ArtI.S3.C3.3 Congress's Ability to Change Qualifications Requirements for Senate

Article I, Section 3, Clause 3:

No Person shall be a Senator who shall not have attained to the Age of thirty Years, and been nine Years a Citizen of the United States, and who shall not, when elected, be an Inhabitant of that State for which he shall be chosen.

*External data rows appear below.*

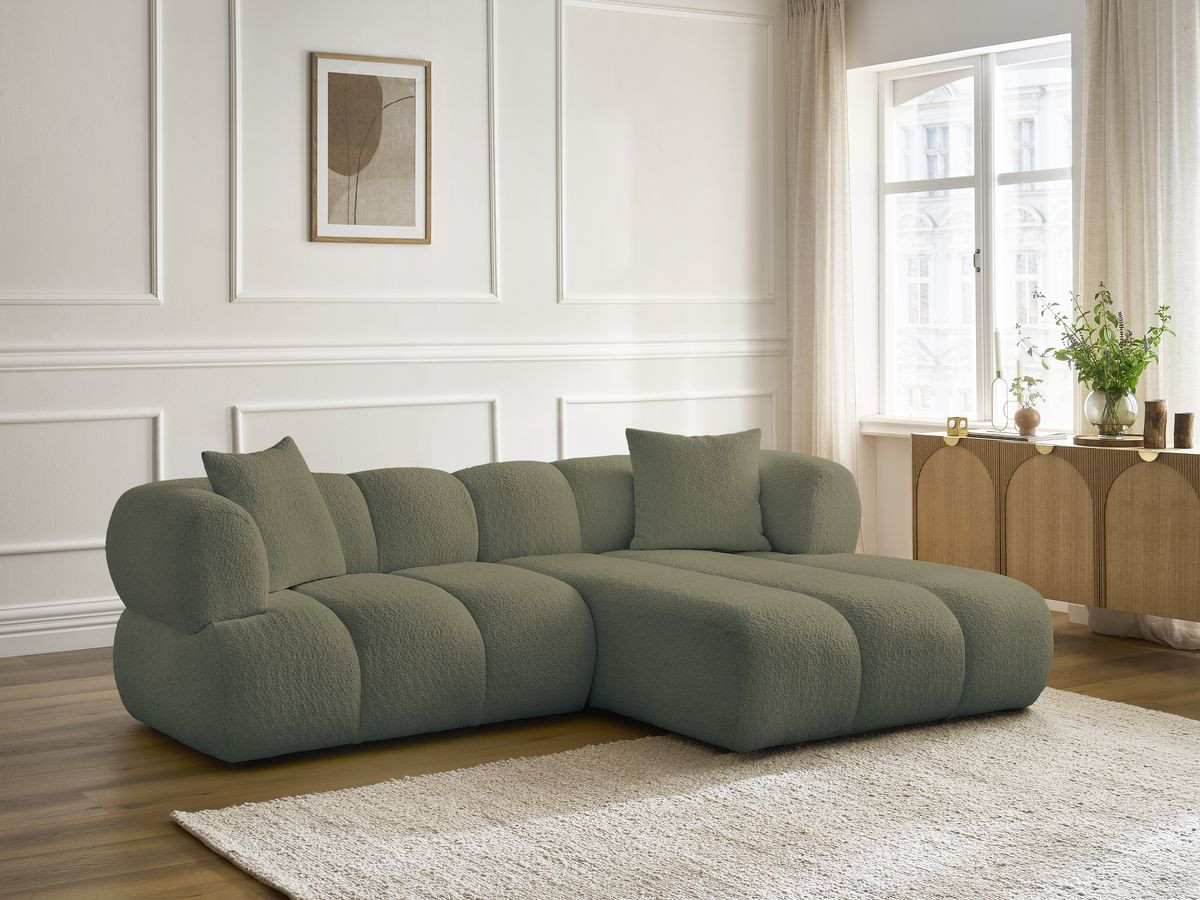 Canapé d'angle PAMIRA bouclette vert — vue 6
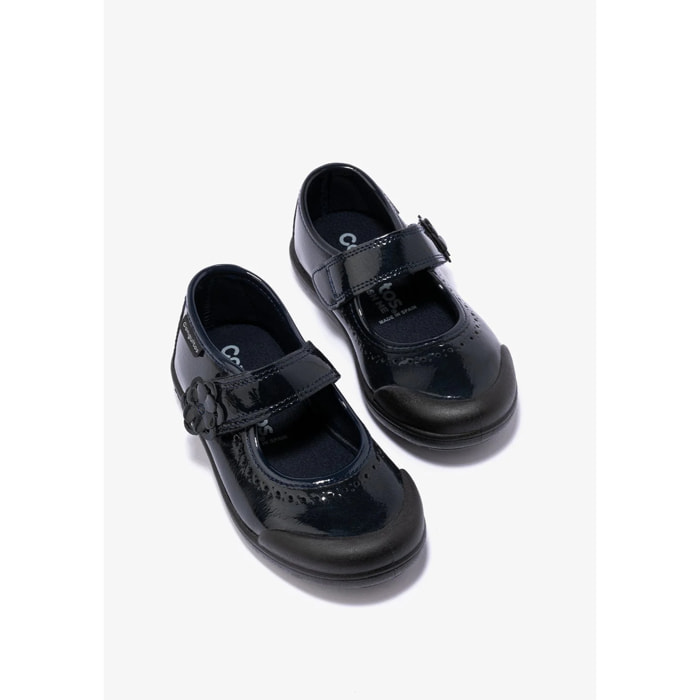 Scarpe da scuola in vernice lavabile per ragazze, colore  navy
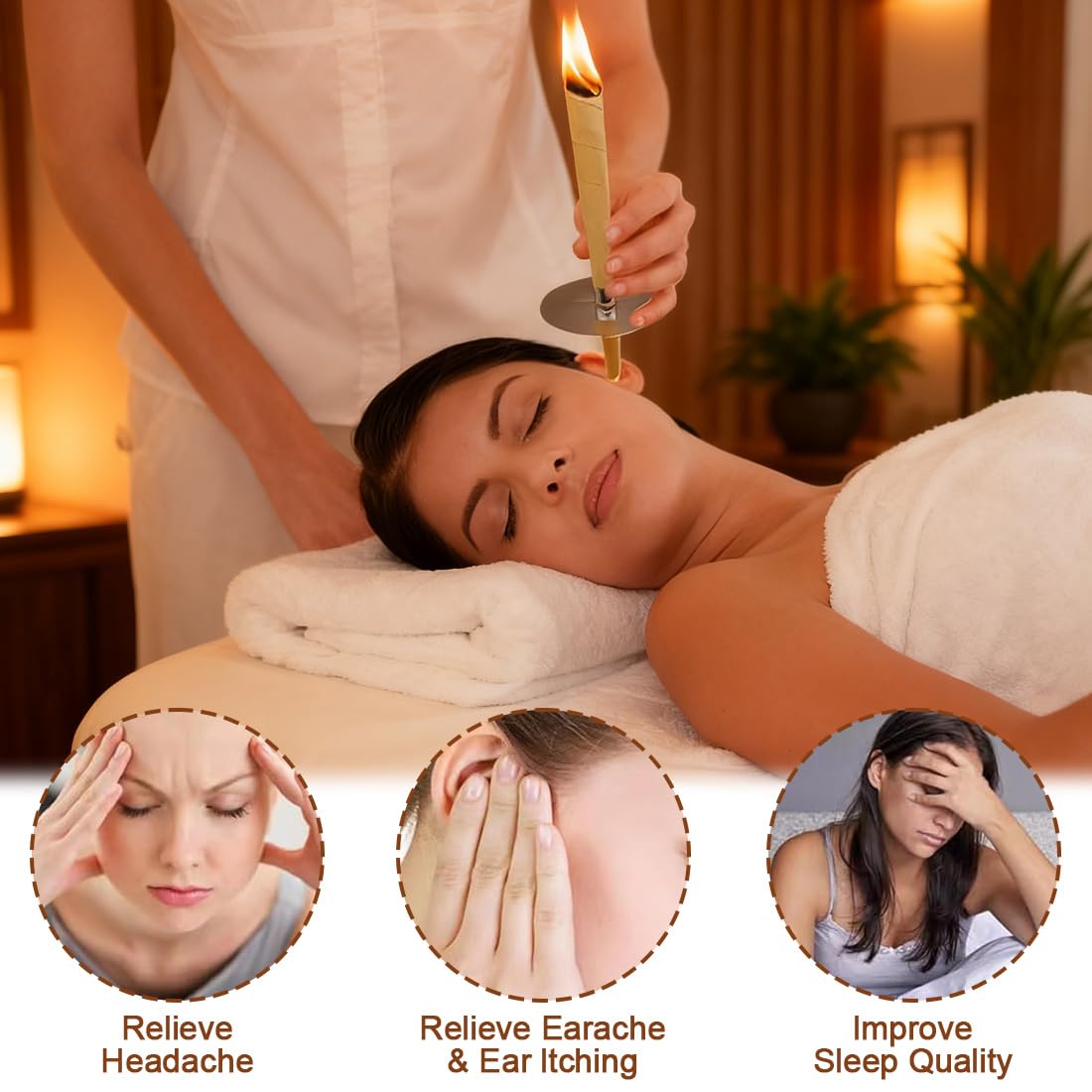 10 Velas para los Oídos, Hechas de Cera de Abeja Natural, Cónicas Huecas Perfumadas, Conos para Limpiar, Incluye 5 Discos Protectores, para Relajación y Aliviar el Estrés, Cuidado de los Oídos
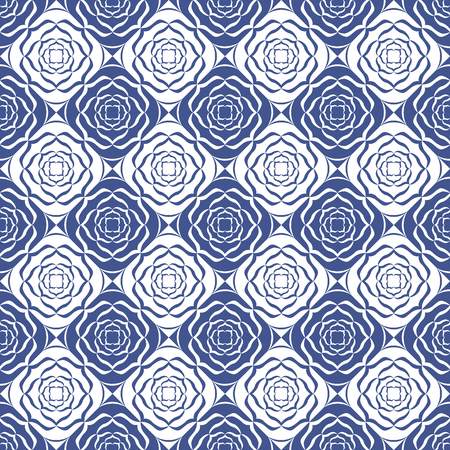Vector seamless tiles background in portuguese style. Blue and white mosaic border. Tiles for ceramic in dutch, portuguese, spanish, italian style.のイラスト素材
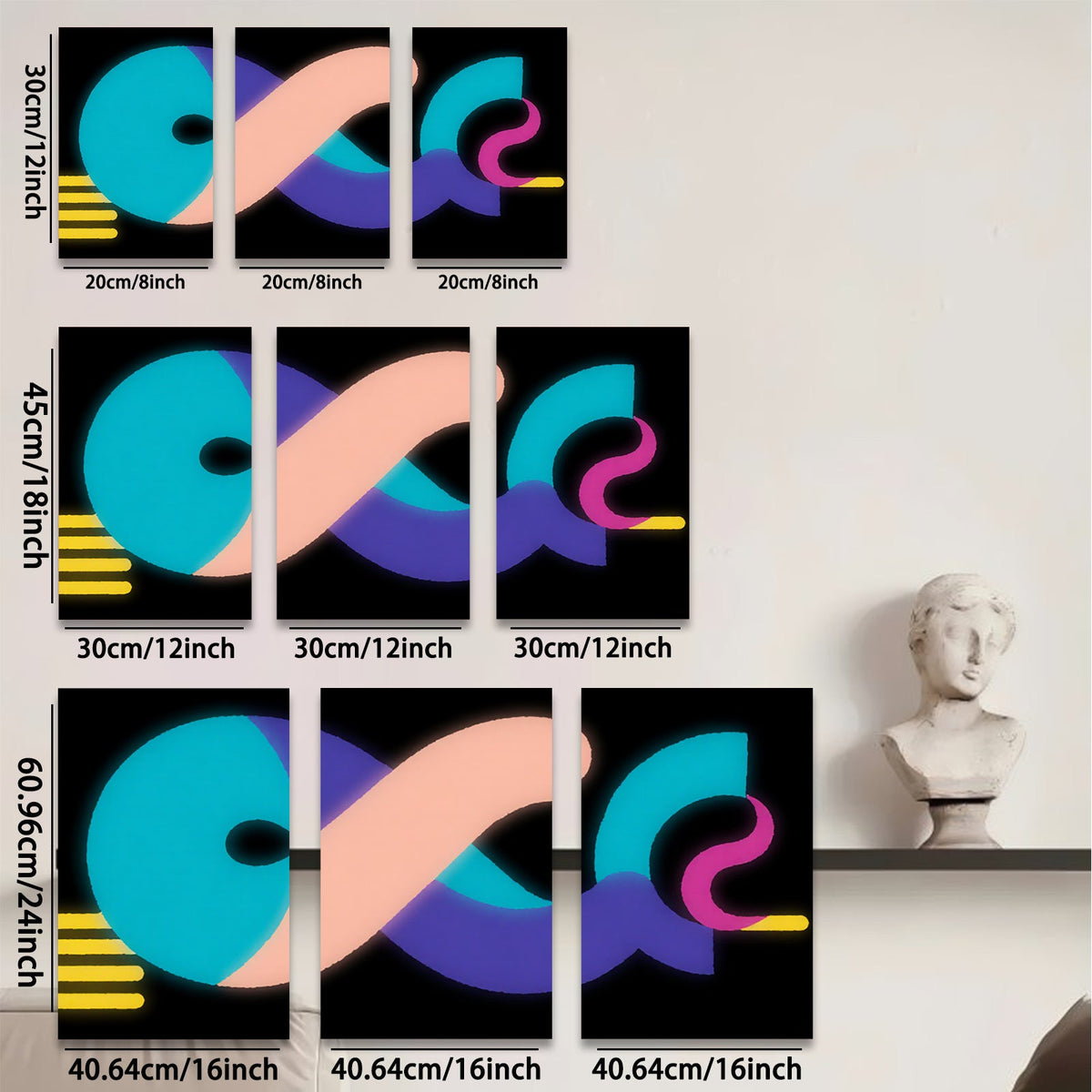 2D flat 1pc modern abstract curves vibrant wall art living room bedroom decor gallery wrapped canvas prints farmhouse style minimalist aesthetic statement piece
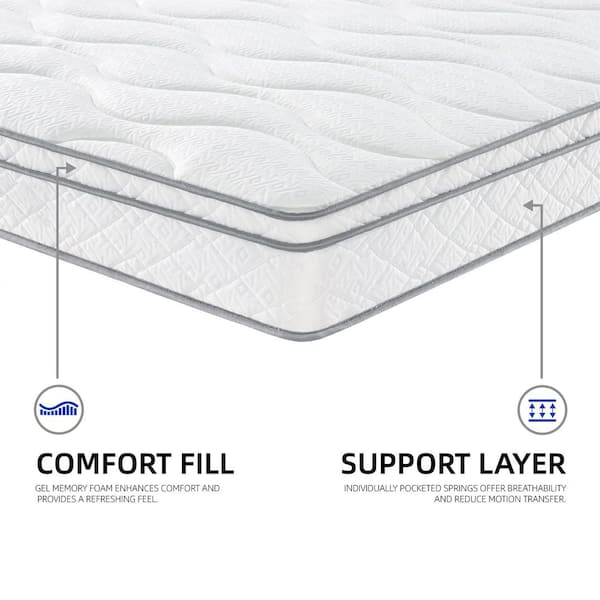 Queen Medium to Firm Memory Foam 12 in. Bed-in-a-Box Mattress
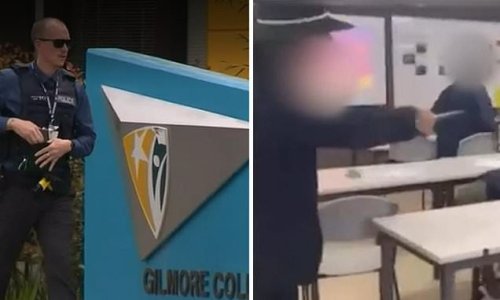 Disturbing moment boy pulls a knife on female student and chases her around the classroom during an argument over an umbrella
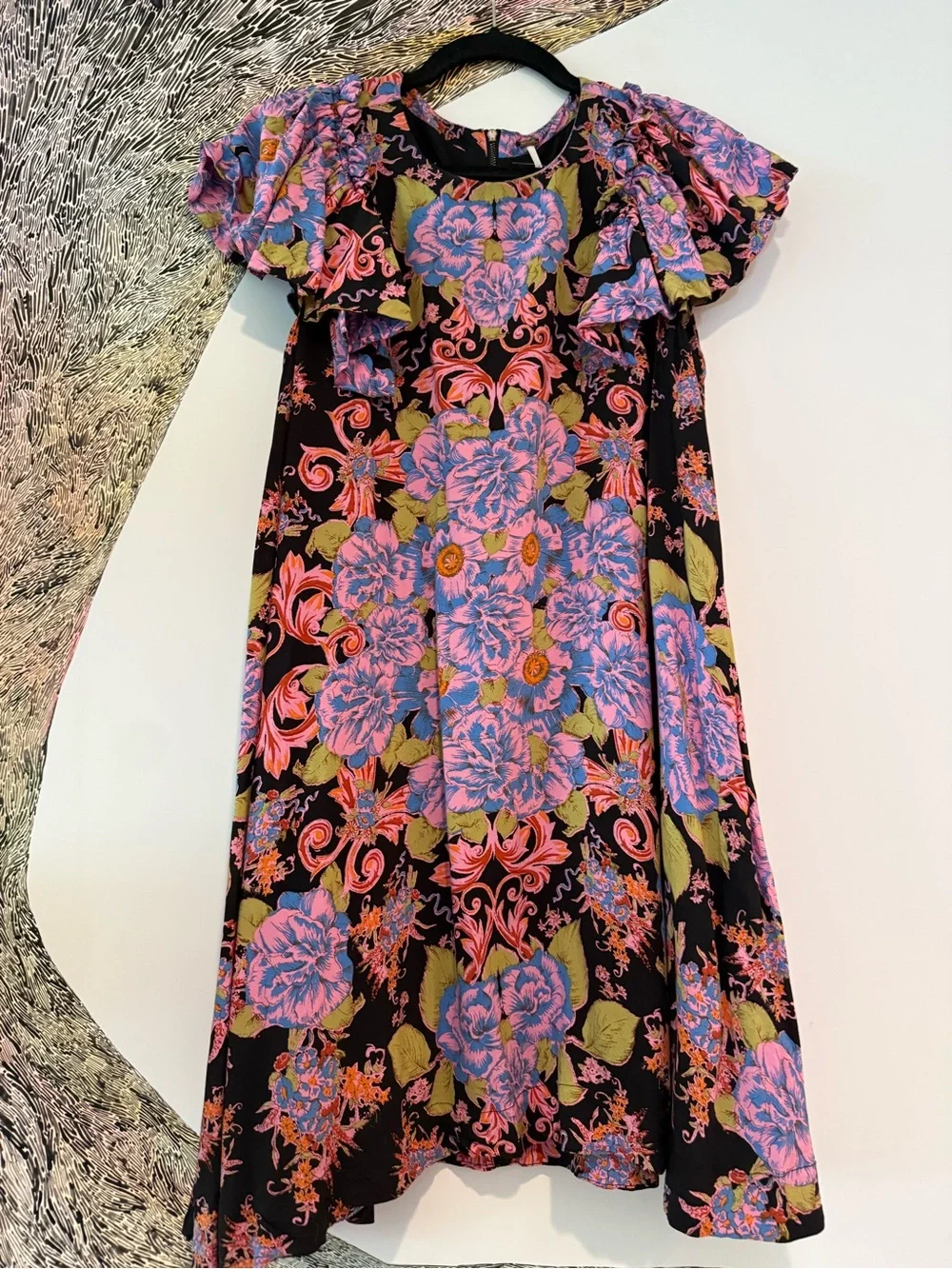 Free People Yara Patterned Floral Flutter Sleeve Dress XS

The Supreme Court has held that Congress cannot legislate changes to Article I, Section 3, Clause 3 qualification requirements, which require a Senator to be at least thirty years of age, a United States citizen for nine years, and an inhabitant of the state from which he or she is elected.1

During the Constitutional Convention, the Framers had debated whether Congress should have discretion to adopt additional qualification requirements for congressional membership but ultimately decided that such discretion would be too vulnerable to manipulation and might cause otherwise qualified persons to be excluded from Congress.2 In particular, the Framers considered including a property requirement but the committee charged with recommending an appropriate amount could not agree and instead proposed that Congress decide.3 Rejecting granting Congress power to determine qualifications for membership, James Madison reasoned:

The qualifications of electors and elected were fundamental articles in a Republican Govt. and ought to be fixed by the Constitution. If the Legislature could regulate those of either, it can by degrees subvert the Constitution. . . . Qualifications founded on artificial distinctions may be devised, by the stronger in order to keep out partizans [sic] of [a weaker] faction.4

Similarly, in the Federalist No. 60, Alexander Hamilton emphasized that stipulating qualification requirements in the Constitution would preclude wealthy citizens from using their influence to add property ownership criteria to be a Member of Congress at a later date.5

Until the Civil War, Congress appears to have generally conformed to the position adopted by Hamilton that the Constitution fixed the qualification requirements for membership in the Senate. But in July 1862, Congress passed a law requiring all persons appointed or elected to the United States Government to take an oath—known as the “Ironclad Test Oath” —that they had never been, nor ever would be, disloyal to the United States Government.6 Subsequently, the Senate denied seats to certain Senators-elect following the Civil War. For instance, in 1868, the Senate voted to deny a seat to Philip F. Thomas of Maryland for “having voluntarily given aid, countenance, and encouragement to persons engaged in armed hostility to the United States . . . .” 7

In 1969, the Supreme Court held in Powell v. McCormack that the House of Representatives could not impose additional qualification requirements.8 In 1995, the Supreme Court revisited Powell more broadly in U.S. Term Limits, Inc. v. Thornton where it considered whether States could impose additional qualifications for membership in the House of Representatives and Senate.9 In holding that the States could not, the Court reaffirmed its Powell holding as broadly applicable to Congress. The Court stated: “[W]e reaffirm that the qualifications for service in Congress are ‘fixed,’ at least in the sense that they may not be supplemented by Congress.” 10 Consequently, Congress cannot legislate changes to the Senate’s qualification requirements.

Footnotes
1
U.S. Term Limits, Inc. v. Thornton, 514 U.S. 779, 827 (1995) ( “[T]he available historical and textual evidence, read in light of the basic principles of democracy underlying the Constitution and recognized by this Court in Powell, reveal the Framers’ intent that neither Congress nor the States should possess the power to supplement the exclusive qualifications set forth in the text of the Constitution.” ). See Powell v. McCormack, 395 U.S. 486 (1969) (holding that Article I, Section 2, Clause 2 prevented the House of Representatives from adding qualification requirements for Article 1, Section 5 judgments). In Thornton, the Court “reaffirm[ed]” that “Powell's historical analysis and its articulation of the ‘basic principles of our democratic system’” established that “the qualifications for service in Congress set forth in the text of the Constitution are ‘fixed’ at least in the sense that they may not be supplemented by Congress.” Thornton, 514 U.S. at 798. See also Nixon v. United States, 506 U.S. 224, 237 (1993) ( “[I]n light of the three requirements specified in the Constitution, the word ‘qualifications'—of which the House was to be the Judge—was of a precise limited nature.” ).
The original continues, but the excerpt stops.